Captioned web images
■ ■ ■ ■

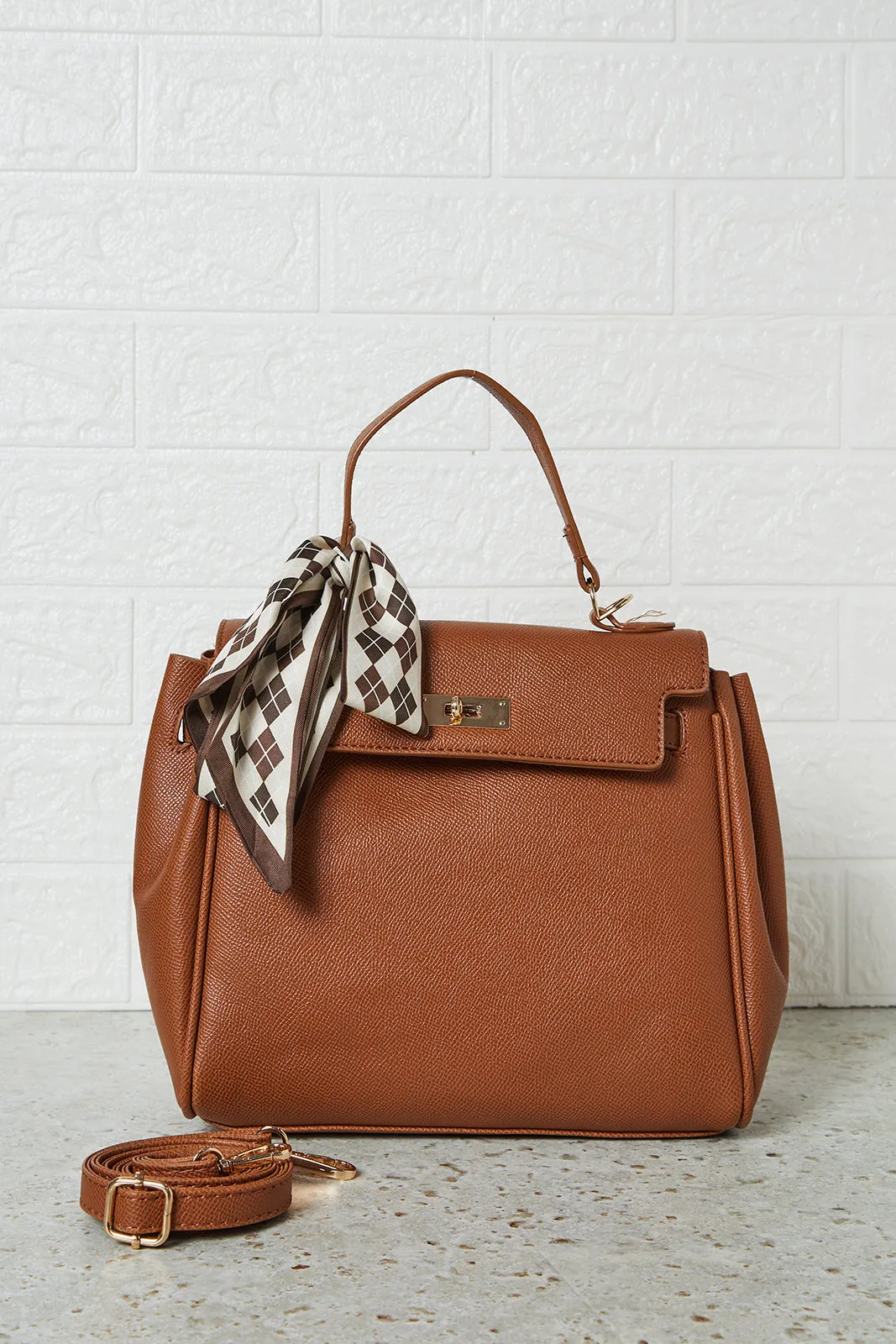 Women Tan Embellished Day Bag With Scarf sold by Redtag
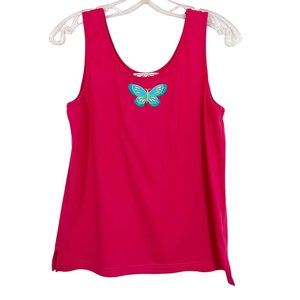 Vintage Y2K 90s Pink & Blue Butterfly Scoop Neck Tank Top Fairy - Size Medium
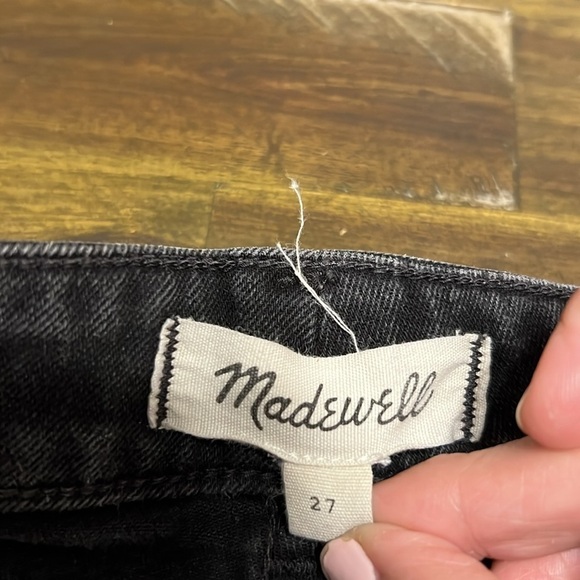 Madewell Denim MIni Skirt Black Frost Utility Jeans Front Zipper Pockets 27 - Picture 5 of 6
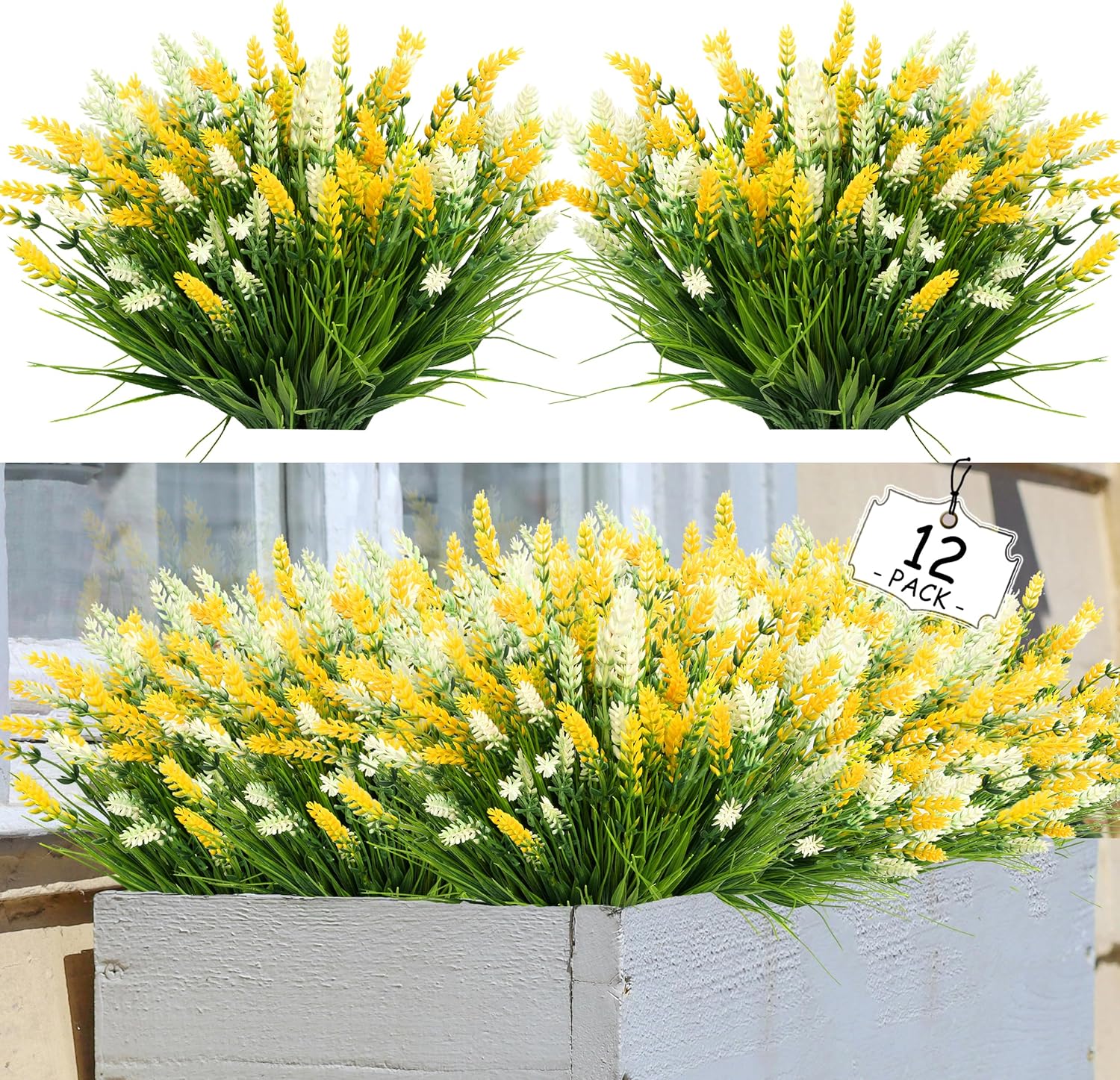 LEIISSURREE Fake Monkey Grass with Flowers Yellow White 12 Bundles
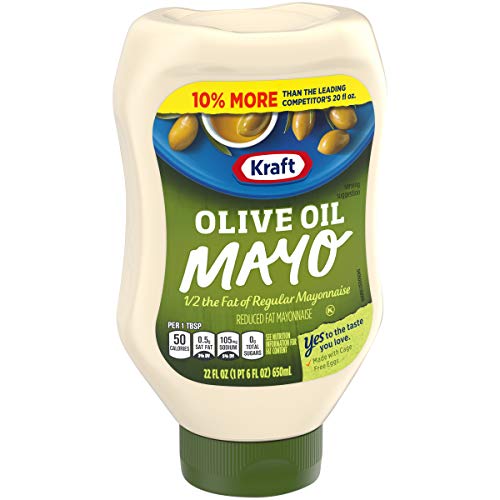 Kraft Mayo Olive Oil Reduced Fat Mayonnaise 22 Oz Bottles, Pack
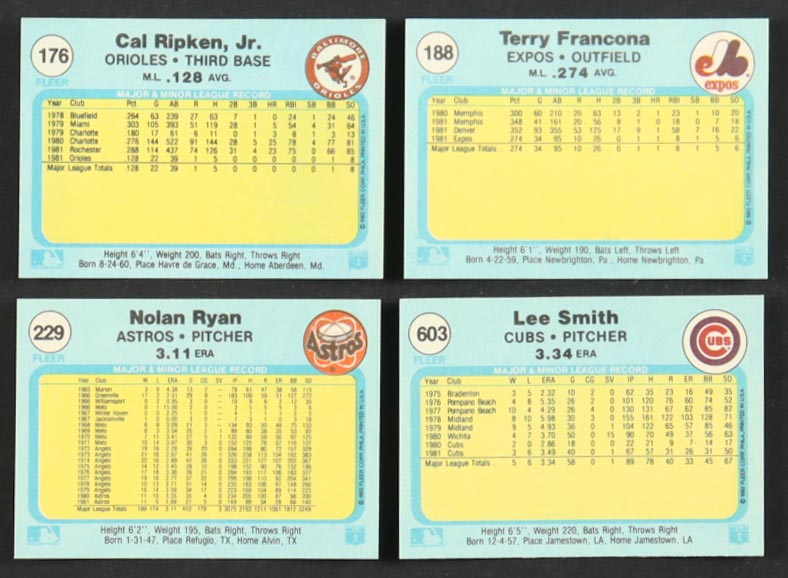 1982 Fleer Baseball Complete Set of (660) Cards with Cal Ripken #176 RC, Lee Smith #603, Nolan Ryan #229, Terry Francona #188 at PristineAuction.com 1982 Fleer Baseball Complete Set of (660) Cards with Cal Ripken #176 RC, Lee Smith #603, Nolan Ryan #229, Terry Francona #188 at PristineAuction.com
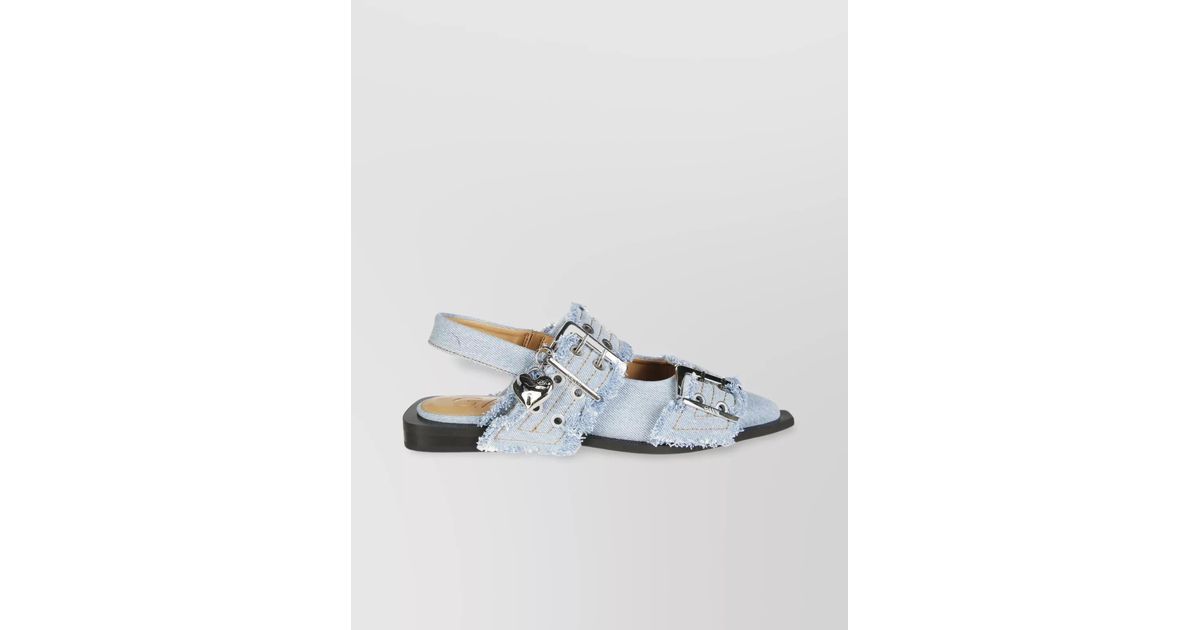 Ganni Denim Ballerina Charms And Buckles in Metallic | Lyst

■ ■ ■ ■

= Directions =
You are asked to reproduce each line above exactly, but to exclude the pictures.

= Written solution =
 Women Tan Embellished Day Bag With Scarf sold by Redtag
 Vintage Y2K 90s Pink & Blue Butterfly Scoop Neck Tank Top Fairy - Size Medium
 Madewell Denim MIni Skirt Black Frost Utility Jeans Front Zipper Pockets 27 - Picture 5 of 6
 LEIISSURREE Fake Monkey Grass with Flowers Yellow White 12 Bundles
 Kraft Mayo Olive Oil Reduced Fat Mayonnaise 22 Oz Bottles, Pack
 1982 Fleer Baseball Complete Set of (660) Cards with Cal Ripken #176 RC, Lee Smith #603, Nolan Ryan #229, Terry Francona #188 at PristineAuction.com 1982 Fleer Baseball Complete Set of (660) Cards with Cal Ripken #176 RC, Lee Smith #603, Nolan Ryan #229, Terry Francona #188 at PristineAuction.com
 Ganni Denim Ballerina Charms And Buckles in Metallic | Lyst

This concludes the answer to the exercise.